Les forces terrestres et aériennes sont relativement cantonnées à leurs seules dimensions (à présent élargies aux dimensions informa­tique et psychologique)[15]. Comparativement, les marines opèrent naturellement dans un environnement multidimensionnel. Elles opèrent sur et sous la surface de la mer, dans l’air, partiellement sur le sol (opérations amphibies et opérations spéciales) – voir dans l’espace[16] et, de plus en plus, dans les espaces informationnels. Les forces navales ont, durant le xxe siècle, radicalement augmenté leurs aptitudes.
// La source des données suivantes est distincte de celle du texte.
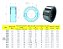 Rolamento Catraca Contra Recuo B208 A = S208 = CB208 = TTB208 Medidas: 46,761x80x32mm - Imagem 4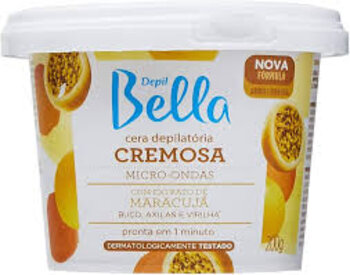 CERA DEPIL BELLA HIDROSSOLUVEL MARACUJA 200G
Il n’est de marine sans navires, de sorte que la technique joue un rôle central, déterminant même pour de nombreux observateurs, la spécificité du milieu maritime entraînant celle des navires, jusque dans leur archi­tecture[17], un raisonnement tout aussi applicable aux stratégies aérienne et spatiale[18]. Là au même titre qu’en stratégie aérienne, la centralité du facteur matériel est évidente, l’homme seul ne suffit pas[19]. Pour para­phraser Foch, l’homme arme les navires alors que les armes l’équipent, en stratégie terrestre. Enfin, comment ne pas prendre en compte, en tant que cristallisation de l’ensemble de ces révolutions, la diversification des types de bâtiments ? Opérée très tôt, la différencia­tion selon la puissance – et donc la taille – des navires s’est considé­rablement développée à la fin du xixe siècle puis tout au long du xxe siècle[20].
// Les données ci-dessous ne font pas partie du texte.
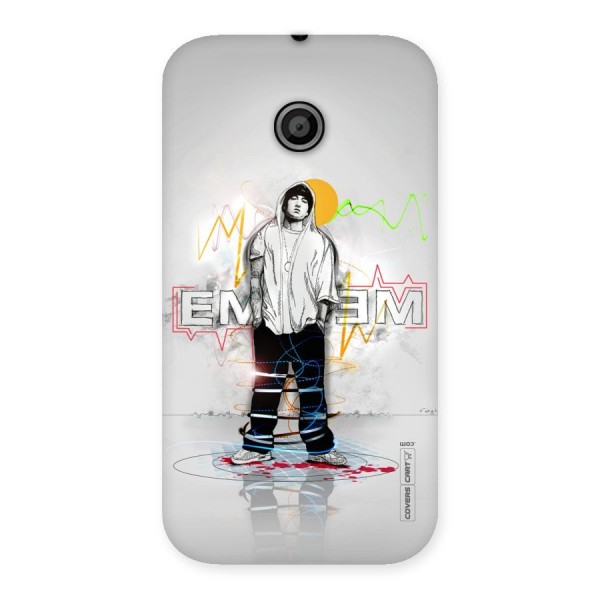 Rap King Eminem Back Case for Moto E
Des frégates aux dreadnoughts, en passant par les croiseurs, les sous-marins, les porte-avions, les corvettes, puis les destroyers, les flottes se sont diversifiées. Il faut ensuite y ajouter les navires amphi­bies et de soutien, affectés au ravitaillement à la mer. En a résulté une spécialisation qui a donné lieu à des débats débordant largement du cadre purement technique. Ainsi en a-t-il été du débat, en France, à la fin du xixe siècle (mais qui mutera ensuite), entre « vieille » et « jeune école » et opposant les lourds et puissants navires de ligne contre des torpilleurs, plus petits et plus rapides, qui auraient été capables d’éliminer les premiers[21]. Autre débat d’importance, celui opposant les cuirassés aux porte-avions et aux sous-marins, en tant que capital ships des marines. Là aussi, après avoir muté, le débat n’est pas complè­tement terminé. Il tend à se renouveler alors que des marines de plus en plus nombreuses se dotent de sous-marins (par ailleurs de plus en plus performants) et de porte-aéronefs, au moment même où le nombre de navires disponibles dans les flottes occidentales diminue. In fine, à l’heure où les coûts des navires s’envolent et où leur développement est de plus en plus long – ne laissant guère de possibilité de corriger des erreurs qui auraient été commises – ces controverses ne sont pas le luxe de penseurs en chambre. Il s’agit, en réalité, par le biais d’une stratégie génétique précise[22], de définir la meilleure stratégie des moyens, la plus adaptée à la culture et aux besoins politiques, stratégiques et navals d’un État.  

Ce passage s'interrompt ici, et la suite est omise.